In 2010, ACM and IEEE-CS appointed a new Task Force for the development of updated curricular recommendations. Following an extensive process, the Task Force published several interim drafts before issuing a final report. Each step built on the previous, with some important additions.

  • The Strawman Draft (February 2012) followed the general approach of CS2001, devoting 172 pages to an extensive listing of 18 Knowledge Areas and many individual Knowledge Units (with associated hours).
    • To maintain a central core and to allow some flexibility, the Strawman Draft divided important topics into Tier1 and Tier2 categories.
    • Tier1 topics were considered sufficiently important that they should be covered by all schools.
    • Tier2 topics were quite important, but not all of these topics were deemed essential for all schools. Rather schools were encouraged to cover about 80% of the Tier2 topics in their curricula.
  • The Ironman Draft (February 2013) refined the Strawman Draft and added two substantial elements.
    • About six Student Learning Objectives were added for each Knowledge Unit, providing a clearer statement of the level of mastery expected for various topics.
    • About 60 "Course Exemplars" were identified from courses being offered at schools around the country. The Ironman Draft explained, "These examplars are not meant to be prescriptive with respect to curricular design—they are not meant to define a standard curriculum for all institutions. Rather these course examplars are provided to give educators guidance on different ways that that portions of the Body of Knowledge may be organized into courses and to spur innovative thinking in future course design."
  • The Final Report 0.9 (Pre-release version) appeared in October 2013. In addition to refining details and wording, the report included five "Curricular Exemplars" to illustrate how the overall CS2013 recommendations might be mapped to complete, cohesive curricula.

Connections between Computer Science Curricula CS2013 and Grinnell's Computer Science Program

Computer science faculty members at Grinnell, while not being on the 2013 ACM/IEEE-CS Task, participated in extensive discussions with the Task Force. As a result, Grinnell's curriculum is described in two different sections of the Final Report 0.9.

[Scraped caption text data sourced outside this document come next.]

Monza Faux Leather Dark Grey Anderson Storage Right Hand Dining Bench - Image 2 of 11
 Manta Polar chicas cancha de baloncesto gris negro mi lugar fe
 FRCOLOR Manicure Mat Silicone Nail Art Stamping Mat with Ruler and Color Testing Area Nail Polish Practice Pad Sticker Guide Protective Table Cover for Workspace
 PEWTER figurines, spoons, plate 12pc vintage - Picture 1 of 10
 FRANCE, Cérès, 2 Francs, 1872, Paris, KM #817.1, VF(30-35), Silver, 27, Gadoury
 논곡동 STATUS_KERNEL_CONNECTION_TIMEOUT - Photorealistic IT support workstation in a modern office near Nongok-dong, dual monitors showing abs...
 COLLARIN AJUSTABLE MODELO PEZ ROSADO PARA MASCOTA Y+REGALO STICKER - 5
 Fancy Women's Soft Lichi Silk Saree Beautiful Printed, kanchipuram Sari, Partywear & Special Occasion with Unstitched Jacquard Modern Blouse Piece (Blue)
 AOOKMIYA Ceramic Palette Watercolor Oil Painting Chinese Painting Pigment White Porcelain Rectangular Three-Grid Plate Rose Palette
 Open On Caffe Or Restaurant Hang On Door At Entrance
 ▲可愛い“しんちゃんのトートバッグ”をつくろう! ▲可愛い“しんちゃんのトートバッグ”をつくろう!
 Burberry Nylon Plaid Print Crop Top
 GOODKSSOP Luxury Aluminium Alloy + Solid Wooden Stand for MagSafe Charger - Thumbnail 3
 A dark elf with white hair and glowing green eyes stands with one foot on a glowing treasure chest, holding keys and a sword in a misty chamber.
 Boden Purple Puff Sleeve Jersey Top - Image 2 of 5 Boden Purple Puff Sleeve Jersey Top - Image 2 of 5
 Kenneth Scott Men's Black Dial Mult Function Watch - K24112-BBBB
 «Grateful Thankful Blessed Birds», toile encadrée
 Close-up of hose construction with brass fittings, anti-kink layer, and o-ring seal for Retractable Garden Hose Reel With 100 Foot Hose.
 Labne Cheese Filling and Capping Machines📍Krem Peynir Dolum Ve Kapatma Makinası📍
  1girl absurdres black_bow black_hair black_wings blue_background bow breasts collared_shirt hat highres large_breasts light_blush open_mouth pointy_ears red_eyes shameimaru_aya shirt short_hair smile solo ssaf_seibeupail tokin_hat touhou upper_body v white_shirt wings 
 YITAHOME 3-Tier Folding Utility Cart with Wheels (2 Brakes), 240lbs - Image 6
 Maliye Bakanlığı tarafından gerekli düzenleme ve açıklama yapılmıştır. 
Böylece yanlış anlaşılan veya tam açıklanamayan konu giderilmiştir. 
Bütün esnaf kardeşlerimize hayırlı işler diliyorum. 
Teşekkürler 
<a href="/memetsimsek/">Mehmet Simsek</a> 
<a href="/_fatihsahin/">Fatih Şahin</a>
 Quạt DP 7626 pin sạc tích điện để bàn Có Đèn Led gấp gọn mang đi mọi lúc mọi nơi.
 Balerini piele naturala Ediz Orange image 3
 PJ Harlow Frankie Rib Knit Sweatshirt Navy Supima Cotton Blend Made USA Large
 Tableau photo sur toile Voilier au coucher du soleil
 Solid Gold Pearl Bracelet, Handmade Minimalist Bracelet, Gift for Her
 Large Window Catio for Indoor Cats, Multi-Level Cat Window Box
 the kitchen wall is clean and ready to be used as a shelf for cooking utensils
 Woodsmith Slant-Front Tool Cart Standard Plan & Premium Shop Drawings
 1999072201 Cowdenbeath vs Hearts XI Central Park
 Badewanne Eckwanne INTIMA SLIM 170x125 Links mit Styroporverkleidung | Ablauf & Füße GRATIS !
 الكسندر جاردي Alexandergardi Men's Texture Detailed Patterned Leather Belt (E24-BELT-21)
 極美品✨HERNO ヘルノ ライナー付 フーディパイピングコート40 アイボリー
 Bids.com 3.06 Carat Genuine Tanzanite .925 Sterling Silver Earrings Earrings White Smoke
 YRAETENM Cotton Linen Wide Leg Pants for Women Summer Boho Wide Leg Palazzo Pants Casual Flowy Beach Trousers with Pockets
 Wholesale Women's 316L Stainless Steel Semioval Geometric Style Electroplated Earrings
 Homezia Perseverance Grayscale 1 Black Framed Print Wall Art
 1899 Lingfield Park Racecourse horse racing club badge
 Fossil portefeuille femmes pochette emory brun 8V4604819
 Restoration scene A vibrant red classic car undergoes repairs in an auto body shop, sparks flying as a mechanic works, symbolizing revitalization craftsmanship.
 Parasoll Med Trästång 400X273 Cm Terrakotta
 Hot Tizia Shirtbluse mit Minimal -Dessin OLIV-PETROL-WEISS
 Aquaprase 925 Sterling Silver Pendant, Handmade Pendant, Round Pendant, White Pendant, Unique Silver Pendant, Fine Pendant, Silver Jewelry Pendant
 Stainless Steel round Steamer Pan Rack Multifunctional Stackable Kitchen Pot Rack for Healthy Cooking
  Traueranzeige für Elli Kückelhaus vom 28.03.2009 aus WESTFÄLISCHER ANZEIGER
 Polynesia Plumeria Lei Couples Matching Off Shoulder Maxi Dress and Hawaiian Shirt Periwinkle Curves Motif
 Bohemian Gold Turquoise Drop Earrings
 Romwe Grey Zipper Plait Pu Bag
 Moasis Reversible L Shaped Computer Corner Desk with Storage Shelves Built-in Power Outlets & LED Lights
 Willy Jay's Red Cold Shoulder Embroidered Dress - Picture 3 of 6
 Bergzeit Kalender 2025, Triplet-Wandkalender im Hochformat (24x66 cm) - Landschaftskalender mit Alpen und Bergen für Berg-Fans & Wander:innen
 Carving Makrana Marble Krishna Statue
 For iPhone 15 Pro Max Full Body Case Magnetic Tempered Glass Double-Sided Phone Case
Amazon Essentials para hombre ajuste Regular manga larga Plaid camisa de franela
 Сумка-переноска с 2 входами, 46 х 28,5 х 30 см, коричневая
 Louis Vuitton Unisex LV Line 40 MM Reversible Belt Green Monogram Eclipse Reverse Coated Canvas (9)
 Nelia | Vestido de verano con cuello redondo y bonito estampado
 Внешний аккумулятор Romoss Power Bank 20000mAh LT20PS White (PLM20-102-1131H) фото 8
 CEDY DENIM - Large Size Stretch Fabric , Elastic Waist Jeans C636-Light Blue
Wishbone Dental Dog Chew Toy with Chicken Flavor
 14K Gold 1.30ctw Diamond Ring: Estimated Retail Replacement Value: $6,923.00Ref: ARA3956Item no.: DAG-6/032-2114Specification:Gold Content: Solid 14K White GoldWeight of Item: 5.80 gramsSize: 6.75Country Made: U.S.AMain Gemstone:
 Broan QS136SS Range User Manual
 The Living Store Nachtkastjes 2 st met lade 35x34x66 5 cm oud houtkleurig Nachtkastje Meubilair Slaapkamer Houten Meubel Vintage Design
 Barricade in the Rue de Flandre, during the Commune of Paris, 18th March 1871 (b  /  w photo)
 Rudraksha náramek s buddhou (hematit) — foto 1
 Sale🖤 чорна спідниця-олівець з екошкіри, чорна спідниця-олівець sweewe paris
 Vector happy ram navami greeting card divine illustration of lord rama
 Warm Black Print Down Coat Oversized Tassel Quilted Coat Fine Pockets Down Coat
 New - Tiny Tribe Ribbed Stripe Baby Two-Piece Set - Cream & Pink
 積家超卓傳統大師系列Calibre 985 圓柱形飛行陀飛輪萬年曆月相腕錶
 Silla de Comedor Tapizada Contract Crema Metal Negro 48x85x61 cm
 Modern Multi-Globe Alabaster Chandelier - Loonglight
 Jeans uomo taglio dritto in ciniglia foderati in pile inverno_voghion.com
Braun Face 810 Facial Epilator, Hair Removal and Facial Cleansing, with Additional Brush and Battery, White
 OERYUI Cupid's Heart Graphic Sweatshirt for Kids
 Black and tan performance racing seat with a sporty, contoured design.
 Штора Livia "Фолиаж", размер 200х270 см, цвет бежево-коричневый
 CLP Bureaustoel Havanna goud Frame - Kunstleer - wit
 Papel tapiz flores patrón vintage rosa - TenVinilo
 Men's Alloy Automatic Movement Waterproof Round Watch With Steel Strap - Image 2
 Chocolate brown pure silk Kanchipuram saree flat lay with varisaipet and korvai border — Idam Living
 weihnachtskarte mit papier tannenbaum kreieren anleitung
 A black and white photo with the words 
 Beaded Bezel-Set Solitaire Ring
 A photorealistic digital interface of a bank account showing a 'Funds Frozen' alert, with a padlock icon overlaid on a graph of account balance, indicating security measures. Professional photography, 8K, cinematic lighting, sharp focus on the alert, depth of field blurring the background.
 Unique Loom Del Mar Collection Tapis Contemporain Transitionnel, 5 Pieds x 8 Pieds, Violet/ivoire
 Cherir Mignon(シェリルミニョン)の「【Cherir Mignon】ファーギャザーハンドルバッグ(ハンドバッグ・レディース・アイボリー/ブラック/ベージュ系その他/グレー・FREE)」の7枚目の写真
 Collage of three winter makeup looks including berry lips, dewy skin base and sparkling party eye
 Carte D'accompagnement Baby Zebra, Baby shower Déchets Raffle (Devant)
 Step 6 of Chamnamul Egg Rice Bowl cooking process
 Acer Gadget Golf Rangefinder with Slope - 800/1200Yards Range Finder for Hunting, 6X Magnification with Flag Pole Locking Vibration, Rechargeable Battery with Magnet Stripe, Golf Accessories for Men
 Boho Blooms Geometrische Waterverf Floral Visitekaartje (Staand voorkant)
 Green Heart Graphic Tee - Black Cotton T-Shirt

  • Grinnell's multi-paradigm, three-course, introductory sequence (CSC 151, CSC 161, and CSC 207) are described as "course exemplars", starting on page 454 and extending for 8 pages.
  • Grinnell's overall curriculum is described as one of five overall "curriculum exemplars", starting on page 480 and extending for 12 pages.

CS2013 Learning Outcomes

Computer Science Curricula 2013 (CS2013) identifies an extensive list of learning outcomes for each Knowledge Unit to be covered in undergraduate computer science programs. For each learning outcome, CS2013 indicates a desired level of student mastery:

  • "Familiarity: The student understands what a concept is or what it means." [CS2013, p. 30]
  • "Usage: The student is able to use or apply a concept in a concrete way." [CS2013, p. 31]
  • "Assessment: The student is able to consider a concept from multiple viewpoints and/or justify the selection of a particular approach to solve a problem." [CS2013, p. 31]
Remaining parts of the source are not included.